The Duke of Montrose expressed some doubts with respect to the efficacy of the proposed plan, and particularly with respect to the extension to Scotland of the trial by jury in civil cases. This part of the plan would he thought create considerable alarm in Scotland, if proposed to be extended to the whole of that country, as it would alter the value of securities at present perfectly legal.

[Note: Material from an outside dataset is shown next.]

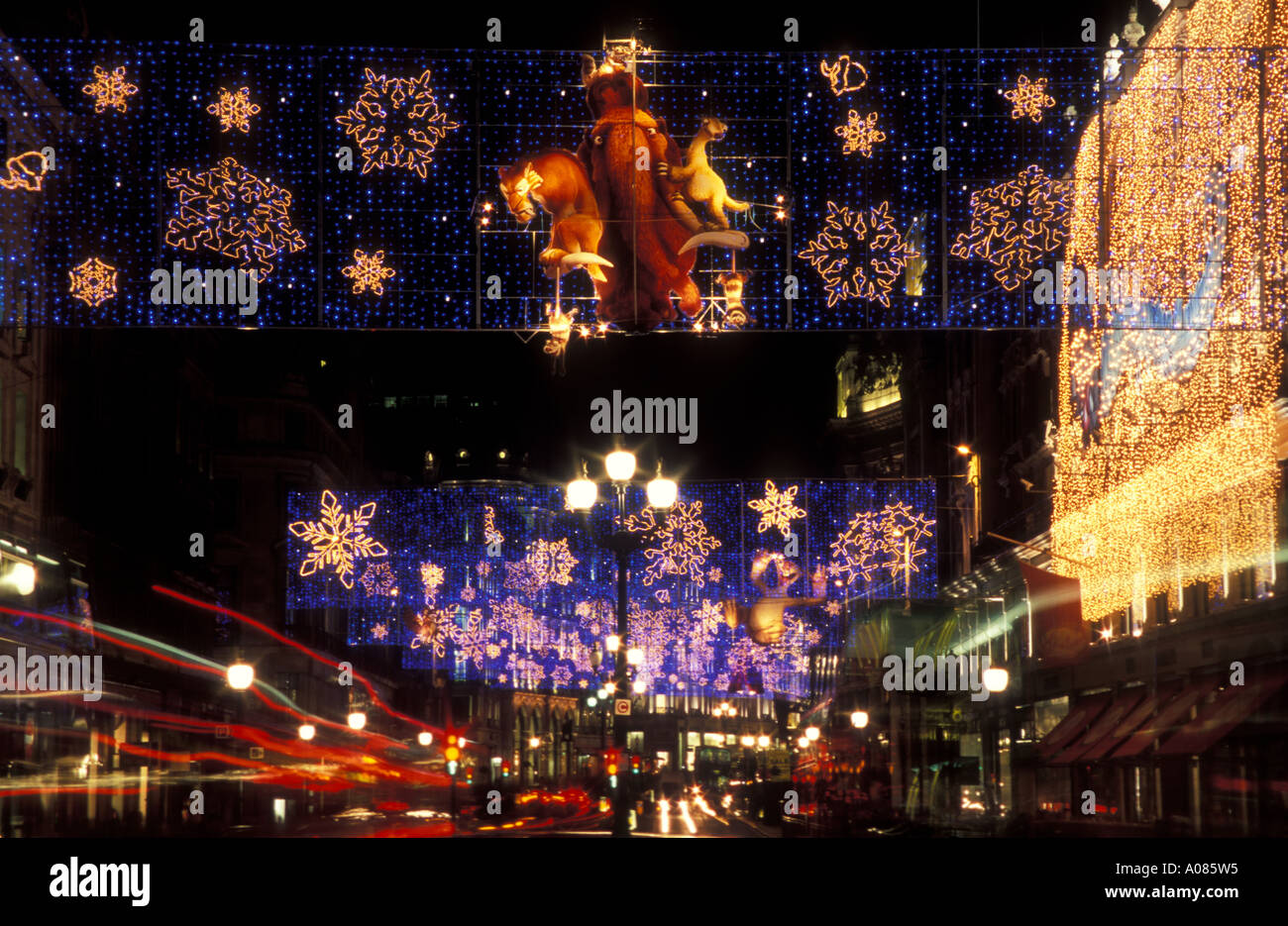 Christmas Lights with Decorations in Regent Street London 2005 Stock Photo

Lord Eldon expressed his entire approbation of the general principle of the bill, and declared his wish to give every assistance in promoting the great object which was proposed to be attained, which he considered of the most essential importance, and with respect to which it had been his intention to propose some measure with the view of remedying the evil which undoubtedly existed. He acceded to the proposed measures of having three chambers or courts and a court of revision, con- vinced that the most essential advantages resulted from the three courts of law in Westminster Hall, which were in fact courts of revision with respect to each other, the decisions made in each becoming subjects of discussion in the others, and the opinions of the judges upon important points of law being perfectly well known. He had no doubt that although for some time probably, if this measure was carried into effect, the court of revision would have a great influx of business, yet that from the advantages resulting from three courts of co-ordinate jurisdiction, that court of revision would, in the course of a few years, be as seldom called upon as the court of error or exchequer chamber in this country. He wished to impress their lordships with respect to the trial by jury, that the court of session was a court of equity as well as a court of law, and therefore that it would require considerable care in framing provisions for the purpose of forming issues of fact to be tried by a jury. He thought it would be more advisable to fix the second reading for that day month, instead of three weeks.

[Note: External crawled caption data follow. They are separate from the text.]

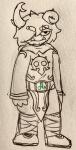  2021 doom_aspect facial_hair fantroll fullres godtier grayscale h3llb3nd3r highlight_color lineart maid monochrome scars solo 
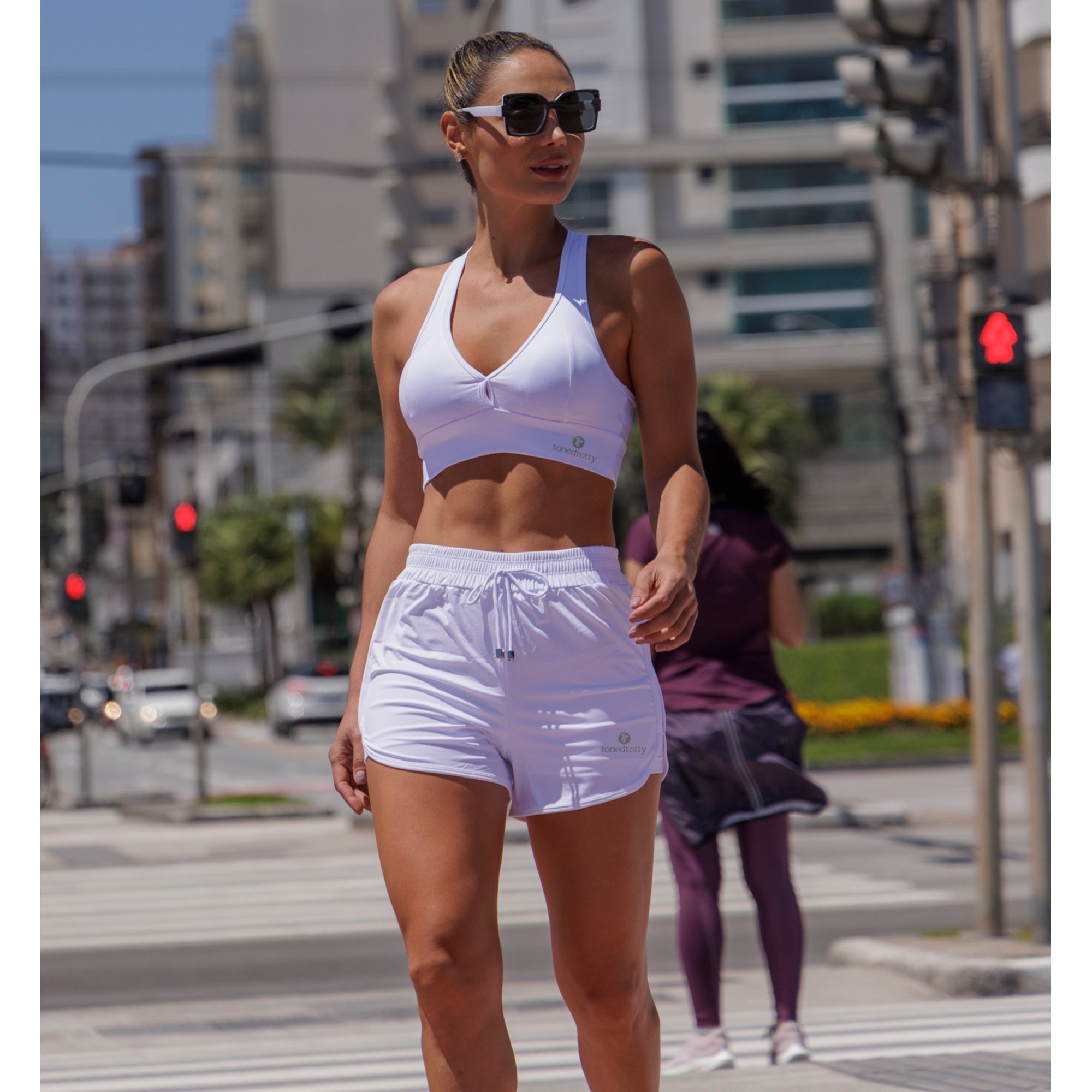White Luna Running Shorts
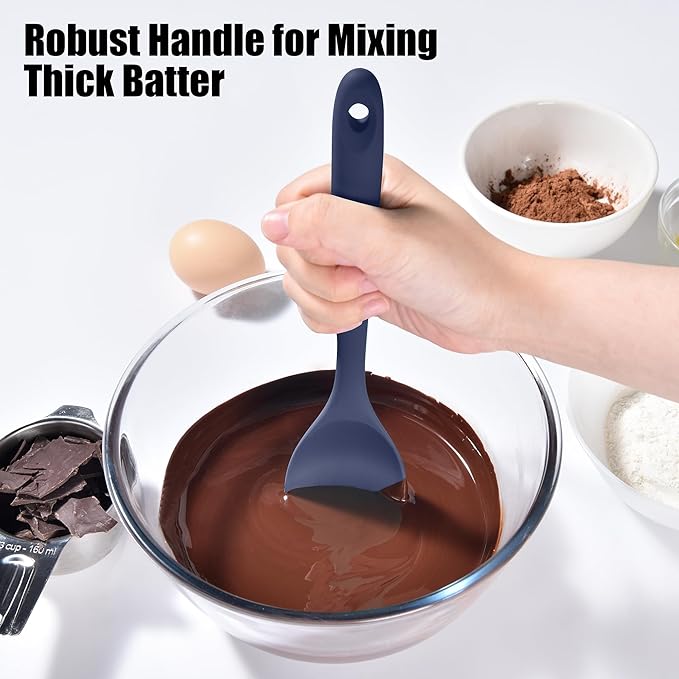 Doosu Silicone Spoon Spatula, 600쨘F Heat-Resistant Food Grade Rubber Spoonula with Seamless Design, Non-Stick Flexible Scraper Kitchen Cooking Spoon Baking Tool for Mixing, Scraping (Navy Blue)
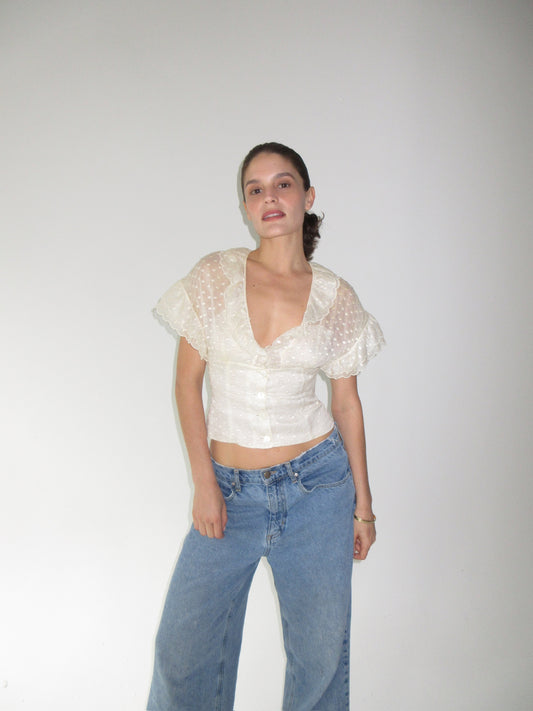 Chanel Silk Polka Dot Ruffle Top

Lord Hawkesbury concurred in opinion with respect to the principle of the measure, except as to the extension of the trial by jury, as proposed in the bill, respecting which he had considerable doubts. He thought it would be better to detach this from the bill, and make it the subject of a separate bill.

Lord Ellenborough was decidedly of opinion that the extension of the trial by jury was essential to the proposed measure, inasmuch as they must look to that for the purpose of lessening the quantity of appealable matter to that House. He was so thoroughly convinced of the essential advantages to be derived from this part of the pan, and that it was so great a boon to Sotland, that nothing but petitions from the whole population of Scotland against the measure could convince him that it was unwise or inexpedient.

Lord Grenville expressed great satisfaction at the liberal manner in which this measure had been received by the house. With respect to the second reading of the bill, it was his wish that if the measure passed that house it should be sent down to the other house of parliament in a reasonable period of the session, and with that view he wished the bill to be committed previous to the Easter recess. He thought, therefore, that if it was understood that the second reading should take place on that day three weeks, and the commitment on that day four weeks, it would meet the wishes of the noble and learned lord.

The Earl of Suffolk approved of this arrangement, but thought the salaries of the judges in Scotland not adequate to their situations.

The Lord Chancellor highly approved of the proposed plan. With respect to the trial by jury, he considered it totally unnecessary to say a word in its praise; its benefits were too obvious to need his commendation; to this measure it was of essential use, in order that questions of fact might be decided upon, and that appeals might be confined to their proper province, questions of law.—The bill was then read a first time and ordered to be printed.